Ondertussen sta je zelf half weggedoken en stiekem glimlachend wat boeken op alfabet dan wel rubrieknummer te zetten. Ergens verderop steekt voor de zoveelste keer een hoop kinderkabaal op. Je hebt ze al gewaarschuwd, maar dat maakte maar twee minuten indruk op ze. Je zucht. Groep zeven-gespuis. Die hebben al zeker vijf jaar geen respect meer voor alles wat in jouw tijd maar met de ogen hoefde te knipperen of je zat subiet met klotsende oksels. Maar nee, die tijd is geweest, de rollen zijn nagenoeg omgedraaid. Je zult er zo meteen nog een keer naartoe moeten. Nog heel even aanzien.
Een andere collega leidt je precies op het goede moment af met de vraag of je het al weet van de ontplofte beker in het kantoortje. Vermoedelijk heeft iemand daar gisteren een smoothie laten staan en is dat gaan gisten en is de beker die was afgesloten met een deksel geëxplodeerd: alles zit onder. Je gaat samen met haar kijken en verdomd, de hele boel zit onder de opgedroogde, aangekoekte smurrie. Het ziet er niet uit. Dat moet echt een enorme knal zijn geweest. Bizar.
Jullie kijken er nog eens naar, zij wijst je alle plekken waar de spetters zitten en jij blijft driftig knikken en schudden. Ja, echt bizar dit, jeetje.
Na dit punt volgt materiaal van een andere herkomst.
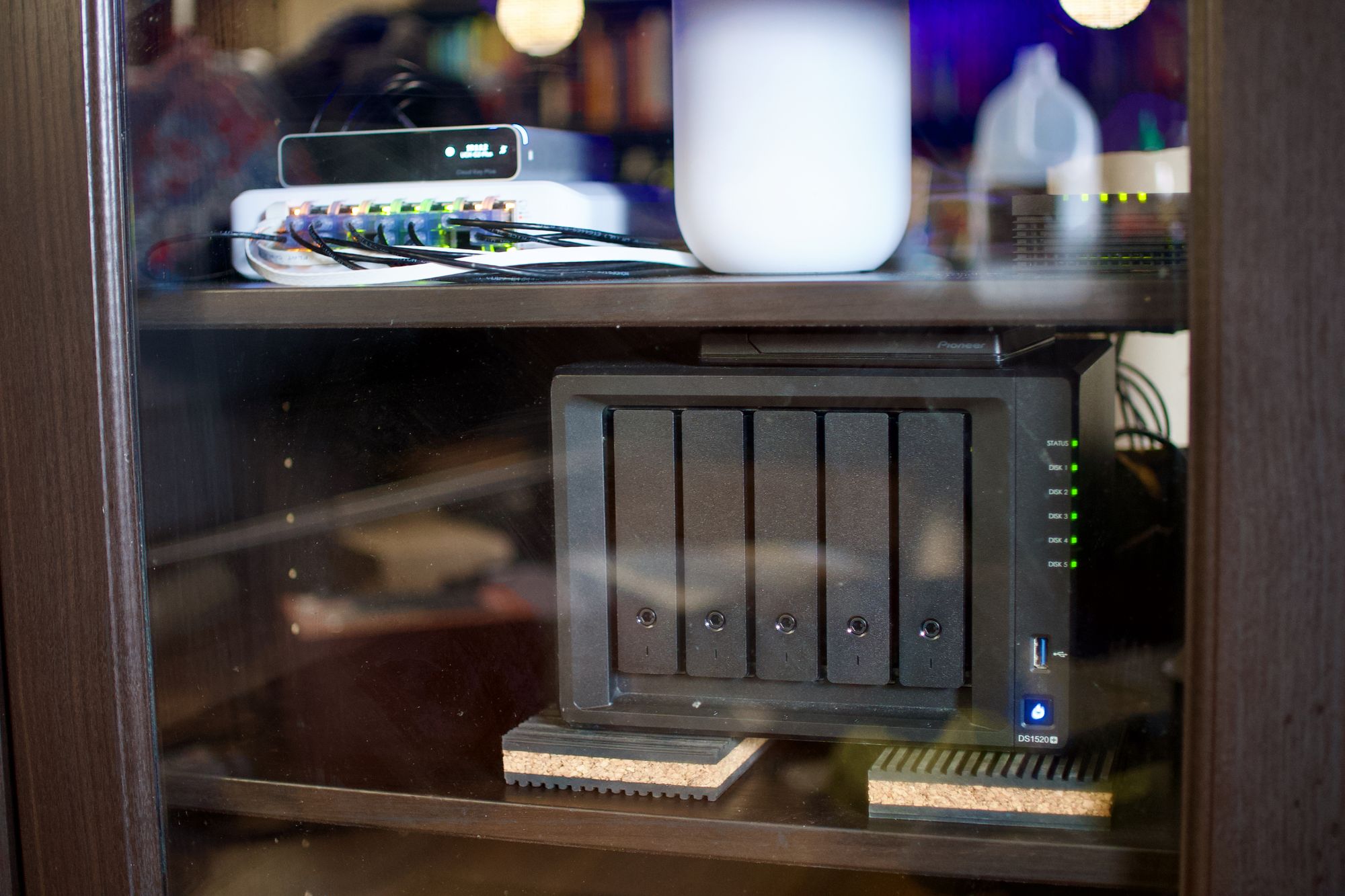 Photo of my Synology DS1520+ NAS server nested in my IKEA cabinet on a middle shelf, sitting on cork pads.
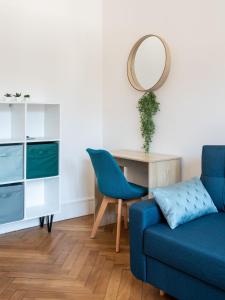 sala de estar con sofá azul y espejo en Jungle Paradise - Casa Vostra - Gaillard proche tram-frontière, en Gaillard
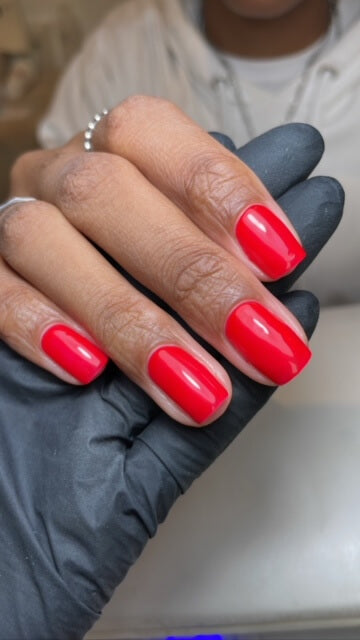 Bright red gel polish by Chloe Boyce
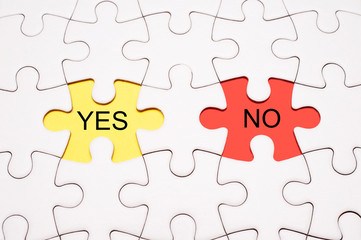 Fototapeta premium White blank puzzle with text YES or NO.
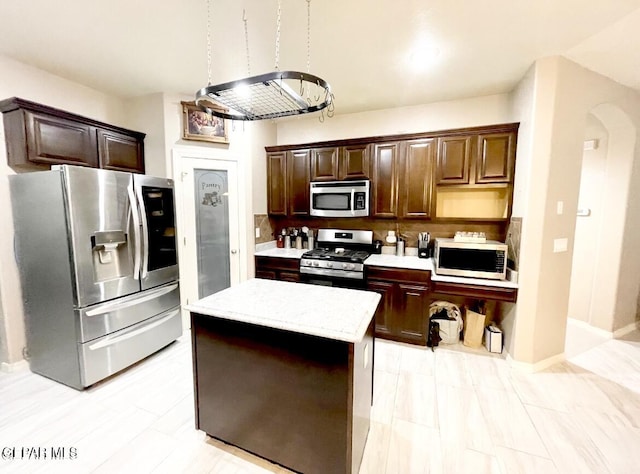 3165 Destiny Point Dr, El Paso, TX 79938 - kitchen with appliances with stainless steel finishes, arched walkways, dark brown cabinetry, and a kitchen island
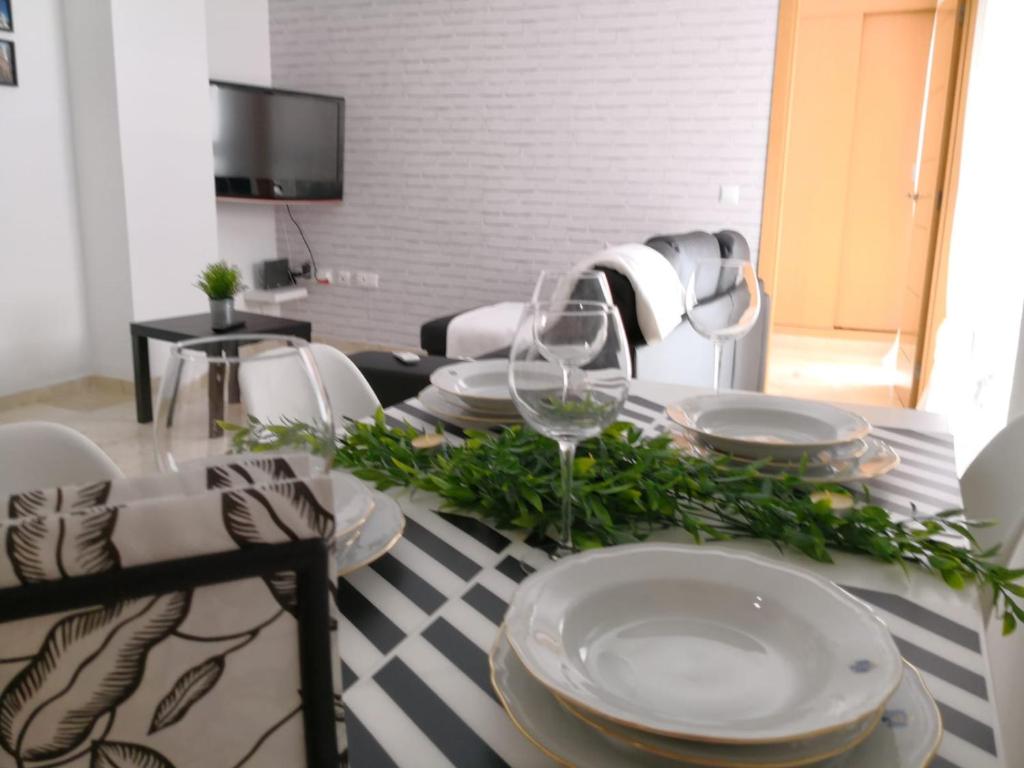 A television and/or entertainment centre at Apartamento La Victoria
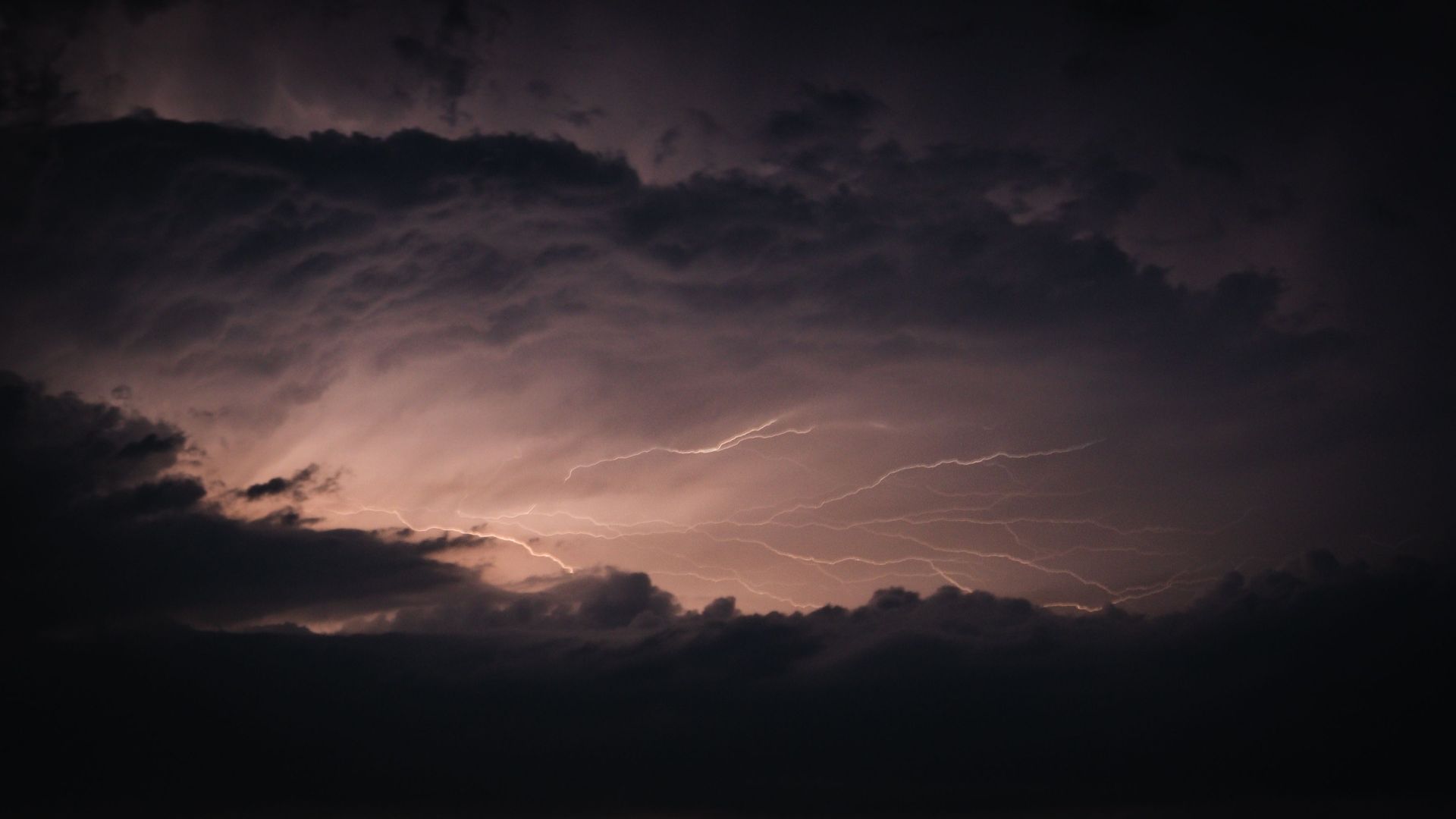 Striking lightning illuminating dark storm clouds in a dramatic night sky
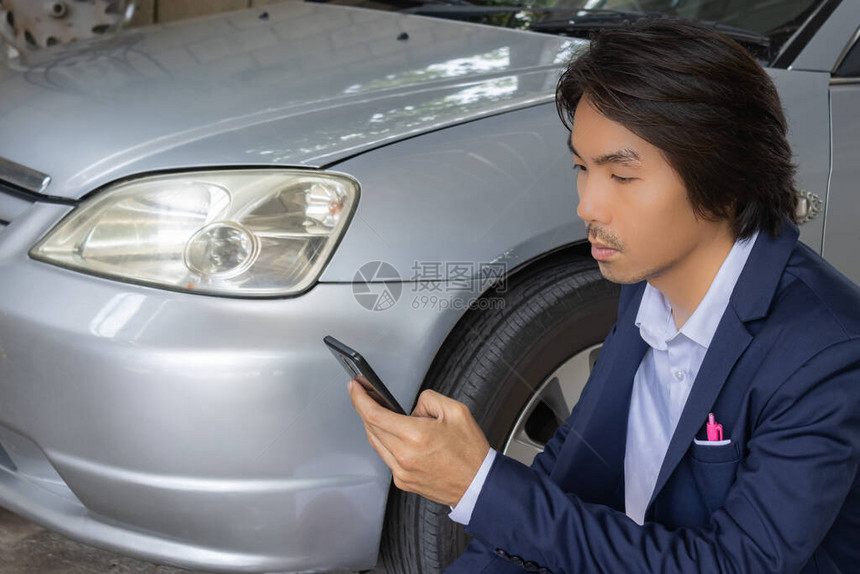 亚洲保险代理人或保险代理人在SuitTouch智能手机和检查车祸事故中的图片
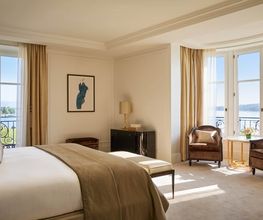 Spacious bedroom with king bed, French windows, and soft beige decor at The Woodward Geneva.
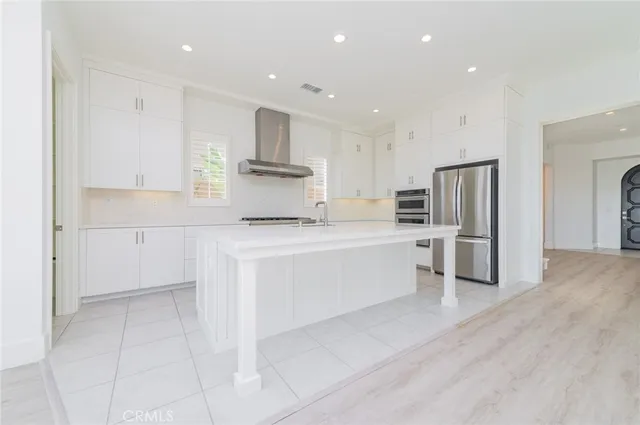a kitchen with white cabinets and stainless steel appliances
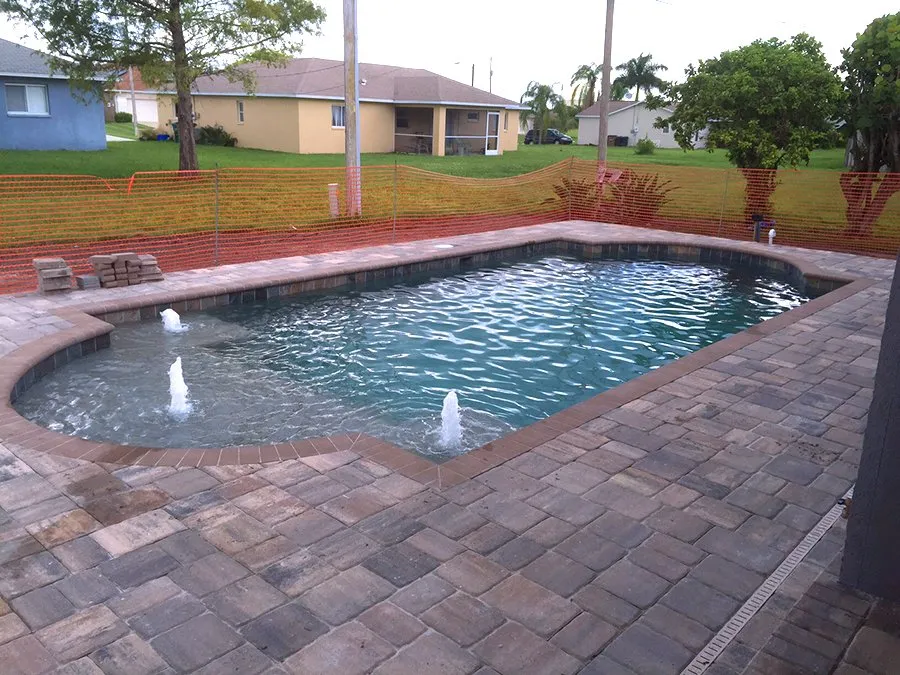 A freeform pool with paver decking and bubbler jets, construction fencing still visible in the yard.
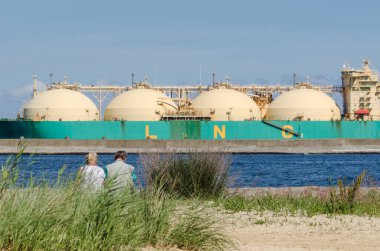 SWINOUJSCIE, WEST POMERANIAN / POLAND - 2020: The LNG carrier SOKOTO unloads gas at the terminal in the seaport clipart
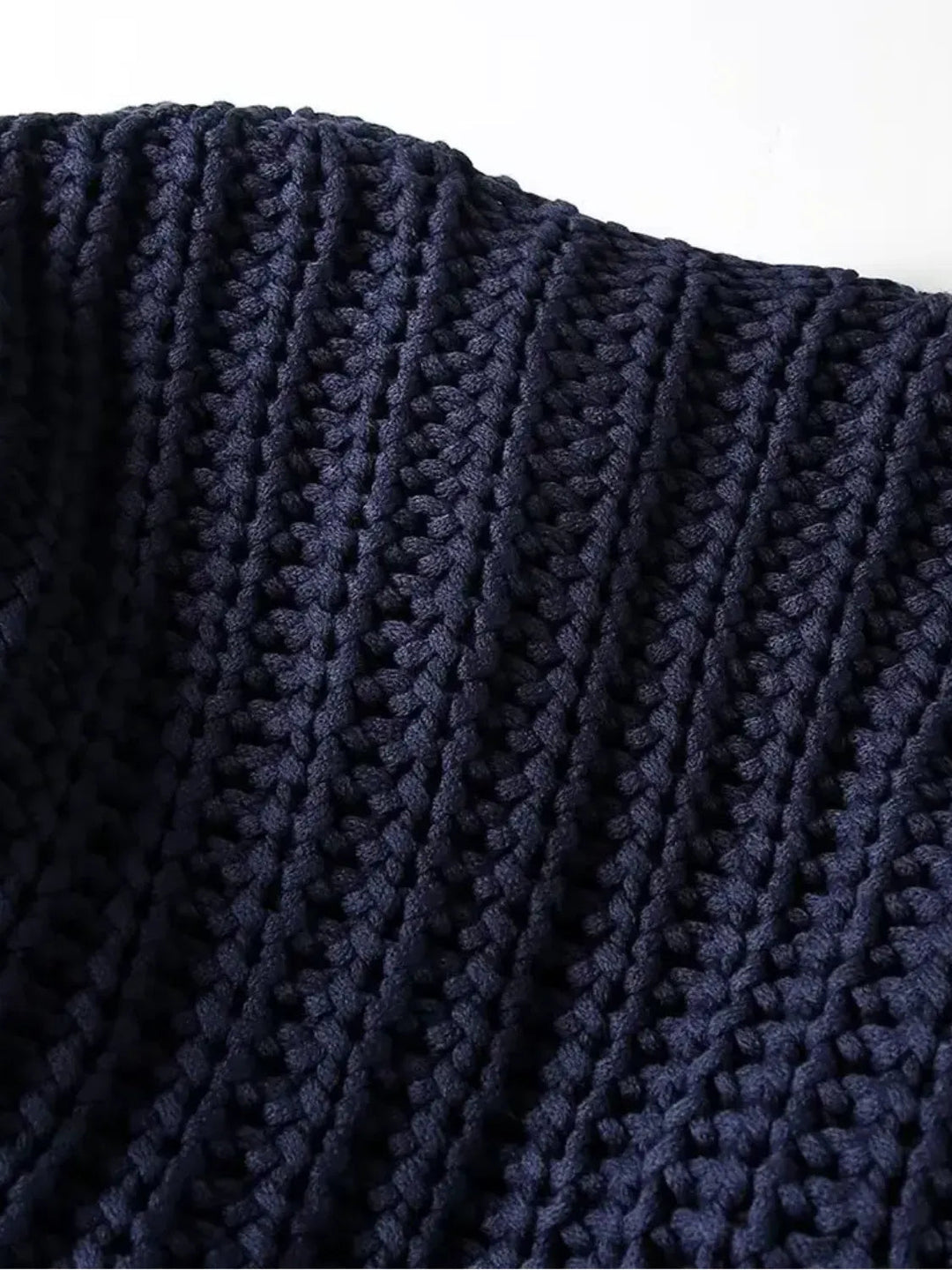 Mune | Women's knit cardigan with gold buttons and front pockets in a light design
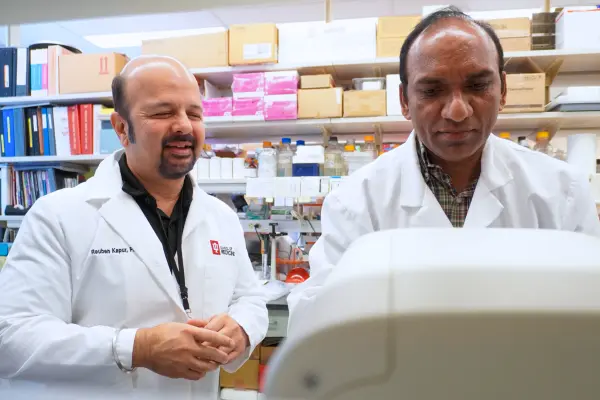 Two men work in a lab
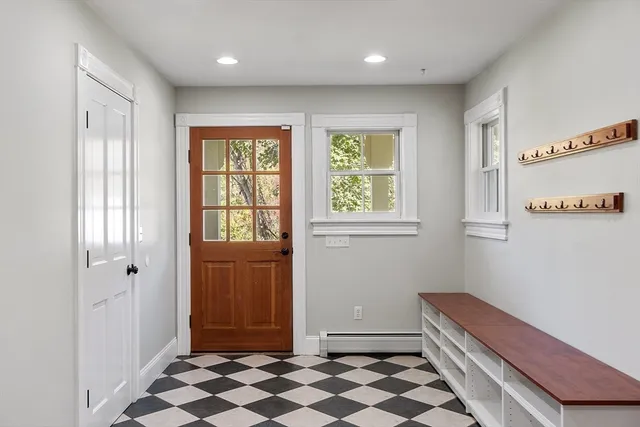 a room with window and furniture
Na weer een paar minuten loopt het bij het eerder gewaarschuwde schorriemorrie uit de hand. Kabaal, gegiechel. Je zucht nog maar eens en daar ga je weer. Je waarschuwt ze nog eens en zegt erbij dat de volgende waarschuwing geen waarschuwing meer zal zijn, maar dat ze dan direct vertrekken. Ze knikken. Ja meneer, goed meneer.
Gelukkig komt het die middag niet meer zo ver. Een kwartiertje later vertrekken ze uit zichzelf en je groet ze. Eenrichtingsverkeer, zoals viel te verwachten. Wanneer je daarna gaat kijken hoe ze de boel hebben achter gelaten drijven er in de prullenbak drie plastic bekertjes in de chocolademelk met daaromheen een spoor aan bruine spetters. Jammer.
Allesbehalve saai dus. En geloof het of niet, maar als mijn contract er ergens in september opzit zal ik het missen.